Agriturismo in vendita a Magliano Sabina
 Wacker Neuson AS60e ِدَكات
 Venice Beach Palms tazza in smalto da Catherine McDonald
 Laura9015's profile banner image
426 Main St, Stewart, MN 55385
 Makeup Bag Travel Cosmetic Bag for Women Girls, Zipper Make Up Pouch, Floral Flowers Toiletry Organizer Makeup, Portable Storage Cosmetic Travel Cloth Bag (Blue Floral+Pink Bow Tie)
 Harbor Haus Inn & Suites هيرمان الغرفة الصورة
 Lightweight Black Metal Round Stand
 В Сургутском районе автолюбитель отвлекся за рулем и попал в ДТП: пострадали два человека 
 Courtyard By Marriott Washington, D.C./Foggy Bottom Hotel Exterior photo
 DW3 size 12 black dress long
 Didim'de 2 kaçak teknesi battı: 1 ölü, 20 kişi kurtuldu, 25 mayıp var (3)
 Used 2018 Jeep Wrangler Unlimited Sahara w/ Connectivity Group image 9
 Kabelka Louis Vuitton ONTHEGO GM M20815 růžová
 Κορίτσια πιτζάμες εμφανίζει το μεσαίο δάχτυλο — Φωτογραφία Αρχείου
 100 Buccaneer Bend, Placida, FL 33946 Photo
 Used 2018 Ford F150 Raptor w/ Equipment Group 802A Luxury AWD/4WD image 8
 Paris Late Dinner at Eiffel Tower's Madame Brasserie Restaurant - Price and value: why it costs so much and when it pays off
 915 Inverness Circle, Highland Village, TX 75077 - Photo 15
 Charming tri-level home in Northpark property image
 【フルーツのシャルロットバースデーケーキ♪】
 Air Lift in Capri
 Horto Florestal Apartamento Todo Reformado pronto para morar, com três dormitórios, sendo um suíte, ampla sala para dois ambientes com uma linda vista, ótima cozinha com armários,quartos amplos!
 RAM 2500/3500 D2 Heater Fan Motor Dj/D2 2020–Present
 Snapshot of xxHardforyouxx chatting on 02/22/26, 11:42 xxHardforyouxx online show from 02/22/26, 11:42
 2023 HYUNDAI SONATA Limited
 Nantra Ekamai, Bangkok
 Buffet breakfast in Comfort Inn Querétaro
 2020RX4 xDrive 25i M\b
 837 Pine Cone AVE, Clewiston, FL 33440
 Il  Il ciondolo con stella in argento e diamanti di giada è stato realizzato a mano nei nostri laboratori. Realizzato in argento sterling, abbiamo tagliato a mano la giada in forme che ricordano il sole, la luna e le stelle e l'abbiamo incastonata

+++

§ Problem
Please transcribe only the lines in the records above running from the line that has "Wacker Neuson AS60e ِدَكات" through the line that has "Courtyard By Marriott", both included, exactly as they appear.

§ Result for this task
 Wacker Neuson AS60e ِدَكات
 Venice Beach Palms tazza in smalto da Catherine McDonald
 Laura9015's profile banner image
426 Main St, Stewart, MN 55385
 Makeup Bag Travel Cosmetic Bag for Women Girls, Zipper Make Up Pouch, Floral Flowers Toiletry Organizer Makeup, Portable Storage Cosmetic Travel Cloth Bag (Blue Floral+Pink Bow Tie)
 Harbor Haus Inn & Suites هيرمان الغرفة الصورة
 Lightweight Black Metal Round Stand
 В Сургутском районе автолюбитель отвлекся за рулем и попал в ДТП: пострадали два человека 
 Courtyard By Marriott Washington, D.C./Foggy Bottom Hotel Exterior photo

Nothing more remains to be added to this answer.